My point of entry into Morocco was the same as most people's. I got off the boat in Tangier and, after about an hour’s time, wanted to get back on. Don’t go there if you can avoid it; especially if you’re a woman (or homosexual, have engaged in premarital sex, consumed alcohol, et cetera). In Tangier, men sit in cafés likes hawks, all looking outward at passersby: at me, at my friends; they ooze predation. Though they’re likely harmless, you can never quite tell; men like lions raised in captivity. While they're a staple of it, these men do not define Tangier; the nondescript and crumbling buildings, the aimless hustle and bustle, those do. Never once in Tangier did I see anyone really do anything. The people there walked quickly and without concern for the peril of their city's streets, but that was it. Tangier is remarkable as an oddity; it has no feeling or character, no personality.
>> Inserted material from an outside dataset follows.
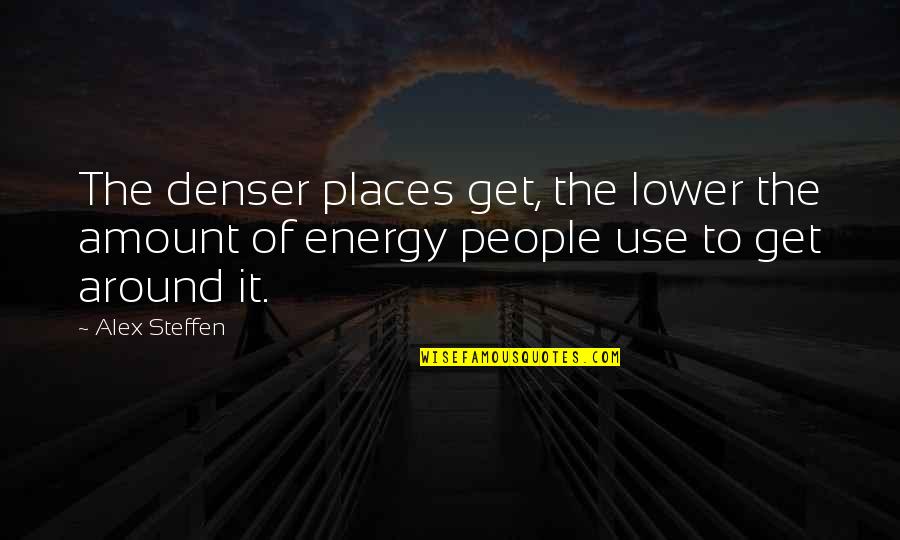 Guardo Shop Quotes By Alex Steffen: The denser places get, the lower the amount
New York has a skyline and an attitude, London has Big Ben; Tangier has chaos and fast ferries, nothing good. It exists as a place to park boats and stamp passports; it’s a hub, a shell of a city. I saw it but didn’t look twice. I got out of there, and, eventually, found myself in Rabat, the most westernized city in the north of Morocco.
Before visiting Rabat, I had seen enough of Morocco. I came to the capital knowing what a city can fail at, can exist without being. Rabat doesn’t have to have a functional and comprehensive rail line running through its center; it does not need a Nike store. But it has those things. It has engaged in the practice of excess. It has found itself in surplus; it is a modern city that exists beyond tourism and trinkets. I walked the streets of Rabat undetected; no one cared that I looked out of place: tall, blonde, and cynical. Maybe Rabat was so appealing because I was fully immersed within it; I stayed with a local family in an apartment downtown. They were nice; we ate bowls of mushed beans and they spoke French at me. In Rabat I saw what it was like to be Moroccan; no longer was I tourist in a tourist town, I was a local living in big city, a whole city; a city with a purpose and a past—balance. Like Fez, Rabat has managed to find a happy medium between confusing alleyways packed with loud men hawking olives and broad boulevards with lots of parking. The amalgamation of cultures in Rabat and Fez create a viable identity, a successful one; one that can, and should, prevail over the blue streets of Chefchaouen and the distressed facades of Tangier. There is hope for a unifying culture to be found in Morocco, it just depends where you look.